Colpi di arma da fuoco nei pressi del Consolato di Israele a Istanbul. “Un morto e due feriti”
Scontro a fuoco con la polizia nei pressi del Consolato d’Israele a Istanbul, nel quartiere di Levent sulla sponda europea della città. Secondo quanto riferisce l’emittente turca Ntv, tre persone sono state “neutralizzate” , ma in tarda mattinata il governatore locale ha riferito che un attentatore è morto e altri due sono rimasti feriti, ridimensionando il bilancio dato dai media, che parlavano di due assalitori morti. “Uno degli assalitori è stato ucciso e due sono stati catturati feriti”, le parole del prefetto di Istanbul, Davut Gul, in una dichiarazione alle televisioni locali.

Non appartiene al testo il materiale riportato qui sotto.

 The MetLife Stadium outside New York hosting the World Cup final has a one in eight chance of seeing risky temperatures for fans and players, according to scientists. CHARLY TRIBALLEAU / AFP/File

La sparatoria, iniziata attorno alle 12 ora locale, è durata per circa 10 minuti e due agenti di polizia hanno riportato lievi ferite.
I legami con un’organizzazione che strumentalizza la religione
Secondo una dichiarazione del ministro dell’Interno, Mustafa Ciftci, uno degli assalitori, Yunus E. S., aveva legami con “un’organizzazione che strumentalizza la religione”, frase che è stata interpretata da vari giornalisti turchi come un legame con l’Isis. Gli altri due assalitori, che sono rimasti feriti, sono fratelli e sono attualmente sotto interrogatorio da parte della polizia, ha precisato il ministero. Le tre persone della sparatoria sarebbero arrivate sul posto in abiti. Al momento non è noto se gli aggressori avessero come obiettivo il consolato.
Nell’area coinvolta anche la banca turca Yapi Kredi
Sempre il prefetto di Istanbul ha definito la sparatoria nei pressi del Consolato israeliano di Istanbul come “una mossa provocatoria”.
Parlando con la televisione di Stato Trt, Davut Gul ha sottolineato come nell’area dove è avvenuta la sparatoria ci sia un edificio che ospita la sede della banca turca Yapi Kredi e altri uffici, oltre ai locali della missione diplomatica israeliana. “Non ci sono state attività nel Consolato (israeliano) per circa due anni e mezzo e non è presente personale”, ha aggiunto Gul.